◆ **What the task requires**
From the listing below, select every line where the word "with" appears.

◆ **Data shown**
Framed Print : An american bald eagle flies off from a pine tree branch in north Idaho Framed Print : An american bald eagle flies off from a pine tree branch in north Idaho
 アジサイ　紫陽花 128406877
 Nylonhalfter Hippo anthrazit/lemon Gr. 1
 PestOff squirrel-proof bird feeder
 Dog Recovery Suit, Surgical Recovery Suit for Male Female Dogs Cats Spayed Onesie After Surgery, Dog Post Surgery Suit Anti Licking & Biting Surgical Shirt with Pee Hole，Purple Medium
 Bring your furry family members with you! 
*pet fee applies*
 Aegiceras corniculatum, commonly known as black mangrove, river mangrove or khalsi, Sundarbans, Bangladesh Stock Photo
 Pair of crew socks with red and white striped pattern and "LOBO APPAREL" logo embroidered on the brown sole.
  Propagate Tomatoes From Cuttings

◆ **Solution below**
 Dog Recovery Suit, Surgical Recovery Suit for Male Female Dogs Cats Spayed Onesie After Surgery, Dog Post Surgery Suit Anti Licking & Biting Surgical Shirt with Pee Hole，Purple Medium
 Bring your furry family members with you! 
 Pair of crew socks with red and white striped pattern and "LOBO APPAREL" logo embroidered on the brown sole.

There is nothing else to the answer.